This year is definitely going to be different for Christmas. I have always loved this time of year....all of it! The music, the festivities, baking cookies, presents, making big x-mas dinners with the family, celebrating with friends, even the snow! I also usually transform our house for the holiday. I have different bathroom decor, throw pillows, christmas villiages, you name it! I go all out. But this year is different. This year does not feel festive. We did put up a tree because I felt we should acknowledge all of Noah's ornaments he got last year for his first Christmas. And we are continuing to get more this year for him from people that want us to have special things to remember Noah by. So many people have sent cards, emails, facebook messages, gifts, etc just acknowledging that this is going to be an incredibly difficult holiday for us. I want to thank you so much for all your support. It is people like you that help us survive this. I've decided against the term "Get through this". Because what is there to get through? It's not an obstacle to overcome, or something that we'll ever be "over". We can't get better from this as Noah won't be coming back. We just have to survive it. It's the only option we're given. So that is what we are going to do. I'm not sure exactly how but I have to have faith that 2011 will bring us some joy. I don't know what could actually bring us joy right now, but something has to. It has to get better.

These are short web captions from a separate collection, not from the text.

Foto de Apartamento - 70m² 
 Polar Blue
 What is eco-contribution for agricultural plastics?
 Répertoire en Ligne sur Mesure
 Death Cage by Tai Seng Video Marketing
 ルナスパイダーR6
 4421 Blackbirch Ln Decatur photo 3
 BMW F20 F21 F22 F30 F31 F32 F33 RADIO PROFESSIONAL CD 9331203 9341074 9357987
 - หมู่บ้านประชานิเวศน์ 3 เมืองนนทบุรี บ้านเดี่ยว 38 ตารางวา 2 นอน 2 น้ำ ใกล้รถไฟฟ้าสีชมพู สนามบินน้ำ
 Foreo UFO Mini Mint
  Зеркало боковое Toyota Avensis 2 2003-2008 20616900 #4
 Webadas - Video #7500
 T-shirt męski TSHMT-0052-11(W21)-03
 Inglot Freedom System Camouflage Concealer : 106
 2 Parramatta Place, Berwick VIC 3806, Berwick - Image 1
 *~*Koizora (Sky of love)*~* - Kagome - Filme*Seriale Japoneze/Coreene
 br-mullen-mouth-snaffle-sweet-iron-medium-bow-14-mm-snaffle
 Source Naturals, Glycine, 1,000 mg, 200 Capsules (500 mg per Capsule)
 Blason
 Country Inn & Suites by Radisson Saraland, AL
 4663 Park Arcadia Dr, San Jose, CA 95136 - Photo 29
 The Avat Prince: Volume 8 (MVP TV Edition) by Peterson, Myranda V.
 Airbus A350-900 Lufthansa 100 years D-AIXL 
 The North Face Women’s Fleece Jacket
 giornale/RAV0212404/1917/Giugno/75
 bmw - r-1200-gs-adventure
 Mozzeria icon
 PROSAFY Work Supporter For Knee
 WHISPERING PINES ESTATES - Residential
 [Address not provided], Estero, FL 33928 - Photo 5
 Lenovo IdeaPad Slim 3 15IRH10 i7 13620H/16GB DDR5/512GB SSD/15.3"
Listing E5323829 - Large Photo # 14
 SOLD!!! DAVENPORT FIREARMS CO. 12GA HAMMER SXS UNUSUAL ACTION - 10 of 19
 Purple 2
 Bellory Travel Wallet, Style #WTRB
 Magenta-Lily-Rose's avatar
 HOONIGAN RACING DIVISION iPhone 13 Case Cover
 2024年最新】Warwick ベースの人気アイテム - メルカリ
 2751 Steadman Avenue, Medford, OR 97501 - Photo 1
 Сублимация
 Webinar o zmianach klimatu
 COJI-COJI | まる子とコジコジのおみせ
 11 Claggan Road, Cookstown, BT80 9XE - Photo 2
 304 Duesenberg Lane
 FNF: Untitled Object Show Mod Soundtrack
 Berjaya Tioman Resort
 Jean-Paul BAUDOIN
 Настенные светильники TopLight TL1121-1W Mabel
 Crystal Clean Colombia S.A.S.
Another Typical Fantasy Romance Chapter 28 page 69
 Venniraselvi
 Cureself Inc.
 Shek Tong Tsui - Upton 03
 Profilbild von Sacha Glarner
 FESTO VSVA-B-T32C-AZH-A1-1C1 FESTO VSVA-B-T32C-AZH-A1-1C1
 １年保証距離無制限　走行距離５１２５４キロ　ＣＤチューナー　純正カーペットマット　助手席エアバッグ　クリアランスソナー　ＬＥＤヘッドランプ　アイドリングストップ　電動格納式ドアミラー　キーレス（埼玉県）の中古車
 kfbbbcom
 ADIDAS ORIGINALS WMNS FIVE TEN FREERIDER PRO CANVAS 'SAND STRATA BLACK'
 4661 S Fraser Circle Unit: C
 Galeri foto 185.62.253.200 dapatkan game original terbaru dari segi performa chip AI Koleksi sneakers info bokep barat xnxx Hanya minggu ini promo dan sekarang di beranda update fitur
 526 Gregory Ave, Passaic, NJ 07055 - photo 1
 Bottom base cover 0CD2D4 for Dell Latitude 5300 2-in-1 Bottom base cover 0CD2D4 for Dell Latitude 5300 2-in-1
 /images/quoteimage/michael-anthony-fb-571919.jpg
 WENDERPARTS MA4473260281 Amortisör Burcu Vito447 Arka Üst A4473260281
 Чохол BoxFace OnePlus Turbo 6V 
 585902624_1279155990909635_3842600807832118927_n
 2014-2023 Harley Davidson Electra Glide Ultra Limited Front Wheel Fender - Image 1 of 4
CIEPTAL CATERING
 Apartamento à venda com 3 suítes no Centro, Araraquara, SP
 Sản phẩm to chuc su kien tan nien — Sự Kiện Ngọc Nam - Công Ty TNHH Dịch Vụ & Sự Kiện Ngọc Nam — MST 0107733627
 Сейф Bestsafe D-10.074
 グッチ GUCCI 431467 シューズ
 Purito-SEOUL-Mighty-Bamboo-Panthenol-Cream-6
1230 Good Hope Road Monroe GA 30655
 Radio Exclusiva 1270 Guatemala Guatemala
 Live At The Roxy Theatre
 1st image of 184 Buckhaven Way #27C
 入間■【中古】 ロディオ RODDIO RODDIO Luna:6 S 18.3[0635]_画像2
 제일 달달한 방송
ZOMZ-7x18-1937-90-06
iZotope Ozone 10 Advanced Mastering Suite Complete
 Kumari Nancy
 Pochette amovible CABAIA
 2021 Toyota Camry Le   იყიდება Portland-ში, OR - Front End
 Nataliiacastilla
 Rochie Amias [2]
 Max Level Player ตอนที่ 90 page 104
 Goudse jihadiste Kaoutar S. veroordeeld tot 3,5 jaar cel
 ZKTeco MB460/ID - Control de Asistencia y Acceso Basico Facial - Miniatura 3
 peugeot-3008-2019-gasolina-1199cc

We're determined to continue to help raise money for 2 organizations that are extremely important to us. If you want to donate to either of these causes you can do so online at the links below. What a great way to help out and pay it forward this holiday season!
SIDS Research - you can donate in Noah's name
Multiple Myeloma - you can donate in my mom's name - Jodi Eggenberger
Here's my Christmas wish: please stop complaining. I'm so sick and tired of people that complain about how hard their life is and how things didn't go according to their "plan". Or someone cut them off on the drive in, the holidays are stressful, there's so much to do, I don't know how I'm going to get it all done, their kid is sick, they hate the weather, etc, etc, It's so frustrating! Everytime I want to say, "you know it can be worse, right?" Why do we complain so much? I am SO guilty of this, I will admit. However, now nothing phases me. Nothing else really bothers me that much because I've already experienced the worst possible thing in the entire world. So I ask you this - when you're about to complain about something stop and think for a second...is this really something necessary to complain about? If your family member is ill, you are struggling for money, someone died, or something else that really is life altering - that is one thing. But sometimes you really don't have it all that bad. Lets try to be grateful for what we have. Be grateful that you have your families, your children, your friends. Don't take a day for granted because you never know when it could be someone's last day. Don't ever bank on having next year or another day to do something. Do it now, because trust me...life is short and full of surprises. It's the one thing we really can't control.
Wishing everyone a happy holiday. Please take a special moment to think of my angel Noah who only got 1 Christmas. Lets be thankful for all the years we've been given.